Os descendentes do idoso centenário estão espalhados por Aliança, Condado (Zona da Mata), Goiana (RMR), Recife, Rio de Janeiro e São Paulo. “É difícil juntar todo mundo, nem cabe na casa”, brinca. A união com a segunda esposa, Maria da Glória de Santana, 89, dura 75 anos. “Para ajudar a criar os filhos, trabalhei com enxada em roçado, em casa de farinha e apanhando capim para boi”, diz ela. “Na época o trabalho na casa de farinha era no braço, hoje tem motor”, comentam.
Maria da Glória e Antonio Joaquim (Foto: Filipe Jordão)
Maria da Glória era vizinha de Antonio em Chã do Esconso, onde nasceram e se criaram, e pegava água para a irmã num cacimbão onde ele trabalhava. “Eu sozinho, meio maduro, me engracei dela, mocinha, com uns 15 anos. No cacimbão, todo dia eu dava a ela uma laranja-bahia, ela botava no pote de água e levava para casa”, diz. “Era uma laranja tão doce”, relembra Maria da Glória. Conquistada pelo açúcar da fruta e pelo afeto do quarentão, oito dias depois de ser pedida em casamento ela disse sim a Antonio.
Homem simples do campo, o agricultor vivia de casa para o trabalho. Os irmãos, diz ele, morreram com menos de 80 anos. Fumou por mais de 50 anos, nunca bebeu, gosta de jaca, abacaxi, carne de charque, macaxeira e quarenta (um tipo de angu cozido no fogo com fubá e água).

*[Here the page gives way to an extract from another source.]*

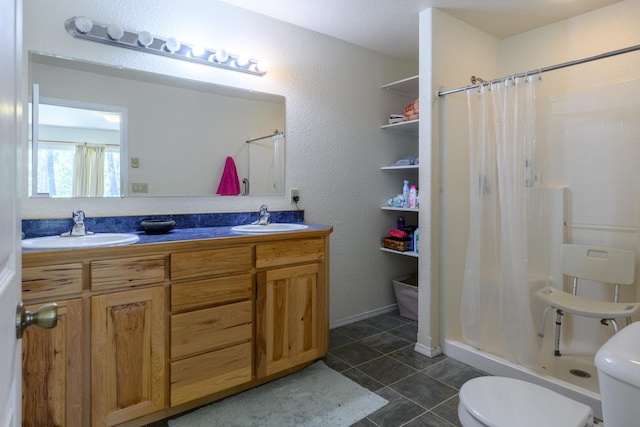 bathroom with double vanity, toilet, a shower stall, and a sink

Antonio só lamenta nesses 115 anos nunca ter aprendido a dançar. “Foi uma coisa que perdi na vida, se abraçar com a filha dos outros para dançar, pegando a moça pela cintura, é bom que é danado, cheguei nessa idade e não fiz isso”, diz o idoso, sem segurar o sorriso.
“Admiro a história dele, um homem explorado e sempre com um sorriso no rosto, não conheço outro agricultor de 115 anos no Brasil”, declara padre Tiago Thorlby, integrante da Comissão Pastoral da Terra (CPT-PE).